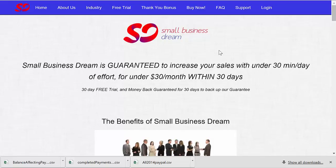Thank you so much for accepting our free 30-day trial of Small Business Dream. This is the first of our short videos to get you up and running quickly with smallbizdream.com.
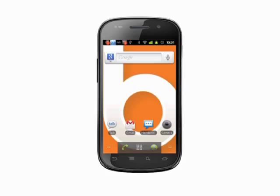Hi, this is Andrew Moore Crispin with your Butterscotch.com Android tutorial. Today we're taking a look at running services on your Android phone — how to see what processes are running on your smartphone, how to get details on what the process is, and how to kill a rogue process.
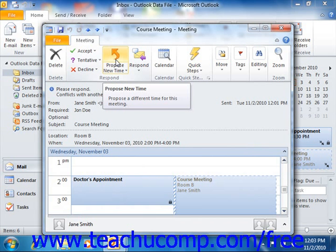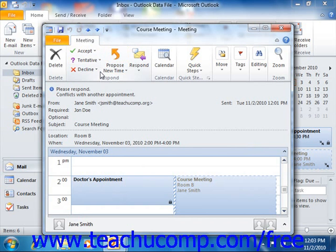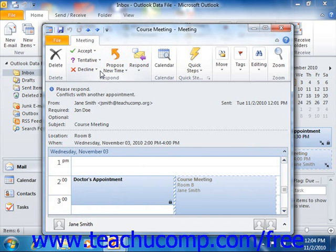After choosing which response to send to the meeting organizer, you will see a pop-up box appear. You must choose one of the options presented before you can send your response to the meeting. You have three options: edit the response before sending, which will open the meeting response dialog box and allow you to add comments to your response; send the response now, which will send your response as is; or don't send a response, which will accept or decline the meeting on your calendar but will not inform the meeting organizer. This is not usually recommended.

How to complete this task: The data must be reproduced exactly, and no picture may appear in the copy.

Result for this exercise:
Thank you so much for accepting our free 30-day trial of Small Business Dream. This is the first of our short videos to get you up and running quickly with smallbizdream.com.
Hi, this is Andrew Moore Crispin with your Butterscotch.com Android tutorial. Today we're taking a look at running services on your Android phone — how to see what processes are running on your smartphone, how to get details on what the process is, and how to kill a rogue process.
After choosing which response to send to the meeting organizer, you will see a pop-up box appear. You must choose one of the options presented before you can send your response to the meeting. You have three options: edit the response before sending, which will open the meeting response dialog box and allow you to add comments to your response; send the response now, which will send your response as is; or don't send a response, which will accept or decline the meeting on your calendar but will not inform the meeting organizer. This is not usually recommended.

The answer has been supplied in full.